If this post helped you, please share with your friends as well! Thanks!

Looking for inspiration on what to eat in Tokyo? Check out my local 20 daily food tips (with a restaurant map).

20 responses to “Guide to the Tokyo Subway 1-3 Day Pass

  1. Not sure if I’ll get a response, but I’m an American with resident status living in Iwate. I can still get this pass at a BIC camera, right? I plan to get to Tokyo on the night bus from my town. Thanks!


    • Hi Diana, if you have a residence card you cannot. Only travellers showing passports with a valid travel visa can purchase. If you are meeting a friend who’s travelling then they could get an extra one for you.


      • Aweeee boo! Yes, I do have a residence card. However, I thought it said on the website that those living outside the Tokyo metro could still get one. I’m meeting a friend, but she’s in the military. Not sure if she can get me one. Thank you for the reply!

        Liked by 1 person

      • Ah, sorry about that you asked a detail that I as a former Tokyo resident forgot. That piece of information should be available on the Tokyo metro site for you to confirm. Also the pass is valid for about half a year, so you don’t have to stress if you don’t use it all. Your residence card will prove you’re out of province anyway. Give it a go and please let me know!!

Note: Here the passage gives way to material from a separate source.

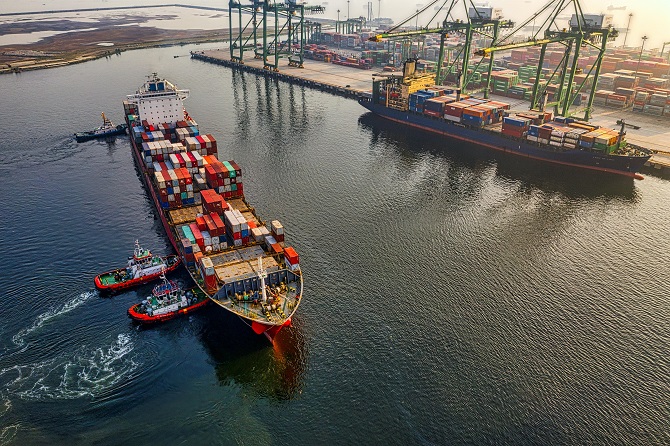 Principais vantagens dos sistemas de lubrificação centralizados para manutenção de máquinas portuárias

      • Ok, I will! I already made the mistake of paying for every train ride last time I was in Tokyo, so this time I want to be savvy and get it hahahaha! I will give it a go and for sure let you know if it worked ^-^

        Liked by 1 person

  2. Hi, i am going to stay at komae station area which is the odakyu line, i’m wondering if i can use this pass taking the odakyu line? to travel to shinjuku and then other places


  3. Hey how will it work when on a subway that turns into a train? I am beside kachidoki station and am going to the Ghibli museum and it says that one of my trains is turning into the JR line. I don’t speak much Japanese so I don’t know if the attendants will be of help. Is it possible to pay the difference with a credit card or with a 1000 yen bill(do they give change) and would I need to indicate that my destination is kichijoji station or is it a flat rate?


    • Hi Andy,

      No. Once your subway becomes a train, you will need to pay for the remaining portion. This means that if you get to Shibuya, for example, and continue on the Denentoshi line, when you exit, you will have to go to the station attendant and pay the difference. Show them your metro pass, and they will ask you which station you came from (and usually they know anyway, so don’t worry) and tell you the amount. If you’re at a small station and the attendant isn’t right beside the turnstyle, then press a button for a station attendant and they’ll let you out. It’s not a flat rate as prices are calculated by distance, but you don’t have to calculate it.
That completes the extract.